Jim and I just had another amazing meal at a restaurant here in Portland.
Seriously, if it weren't for the fact that it's a full day's travel to visit either set of our parents (either via car or via plane, depending on which parents you're talking about), there would be very little reason for us to leave this city.
OK, granted, the weather is, more than occasionally, vile. And I clearly function better in good, warm, sunny weather than in massive drifts of snow and endless gray skies. However, Portland does an almost outrageously inappropriate job of supporting fantastic, well-priced restaurants.
I think a good part of it is that it's entirely possible to sustain a 40-50 top (maximum) restaurant here. You can't do that in a major market; it's just too few tables, even with great turnover.
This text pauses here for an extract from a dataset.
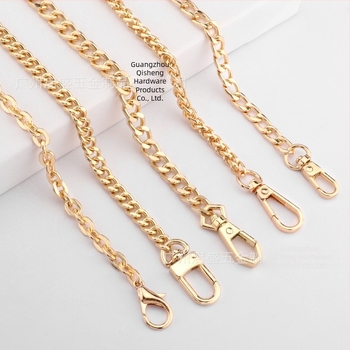 Crossbody táska tekeredő lánc vállpánttal, cserélhető fém lánc, festett felület, Qisheng hardware, testreszabható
But here, you have a public that truly enjoys imaginative food, that is willing to eat out, and that looks forward to trying new and different places opened by the local innovative chefs, even if there are only 22 seats in the whole place, and they have to wait five weeks for a reservation.
Jim and I have enjoyed utterly underpriced delicious wines, amazing ingredients, and phenomenal preparation and presentation at almost innumerable restaurants up here. And goodness knows I enjoy a good restaurant meal.
Tonight we went to Caiola's, the newish place opened by a former cook at another great restaurant in town. Caiola's is tiny, and we sat in the "back room," which is a sometimes-private, sometimes-overflow room that you access by walking through the kitchen.
We shared our appetizers, an arugula and citrus salad with several rounds of an excellant piquant cheese, and a possibly-worth-dying-for black bean cake with avocado and harissa. For an entree, Jim had a special of a calamari rippini, a calamari body stuffed with shrimp and spinach and grilled, served with more shrimp and braised greens. I had halibut cheeks (yes, cheeks) with haricots verts, tapenade, and a purple-potato-cabbage salad that was worth getting a container full of, if they sold it at the grocery store instead of the insipid things that pass for "potato salad" and "slaw" in the deli.
Oh, and for dessert -- an insanely rich vanilla panna cotta with fresh blueberry sauce, and a singe caramelized walnut biscotto that Jim joked looked like Zwieback, a resemblance put entirely to rest after one taste. That ain't no teething cracker.
We also enjoyed a really lovely bottle of wine. And did I mention the place is in walking distance?
It's sort of unfair how many similarly wonderful places there are in this town. I hate the fact that I can't see my mother more than a few times a year, but with food this good, if I stay here, well, maybe she'll come visit me.